## What is required
Would you return, word for word, the lines running from the one with "thumbnail image 1" to the final line of the listing below, pictures omitted?

## Recorded information
------------------------------

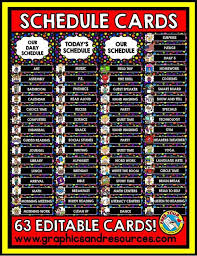 Are You Looking For Attractive And Editable Schedule Cards For Your Class Look No Further This Schedule Cards Daily Schedule Cards Back To School Activities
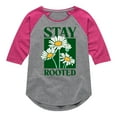thumbnail image 1 of Instant Message - Daisies Stay Rooted - Toddler & Youth Girls Raglan Graphic T-Shirt, 1 of 5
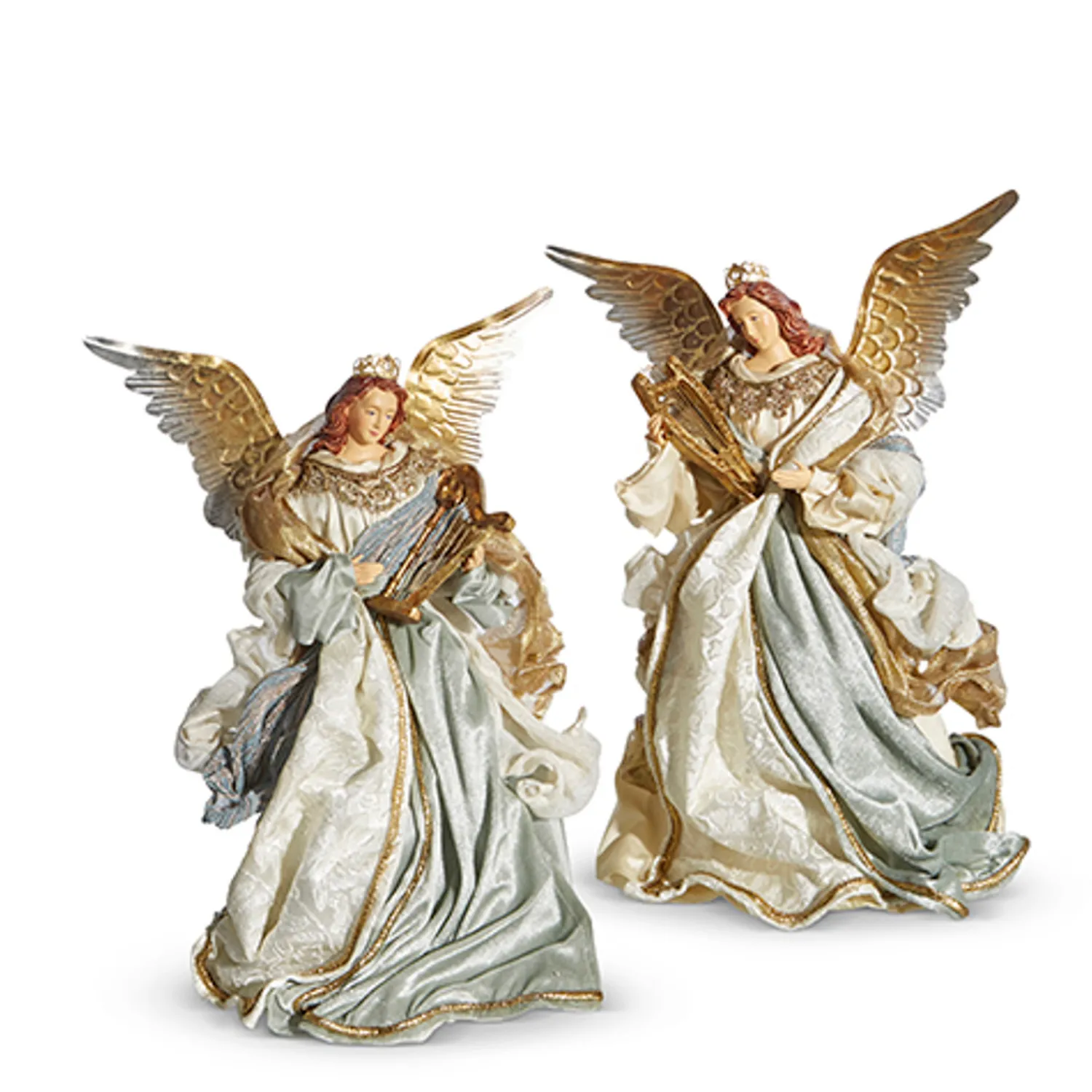 Outlet The Jolly Christmas Shop Raz 16" Blue Angel With Harp Christmas Figure 4310661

------------------------------

## Exercise answer
thumbnail image 1 of Instant Message - Daisies Stay Rooted - Toddler & Youth Girls Raglan Graphic T-Shirt, 1 of 5
 Outlet The Jolly Christmas Shop Raz 16" Blue Angel With Harp Christmas Figure 4310661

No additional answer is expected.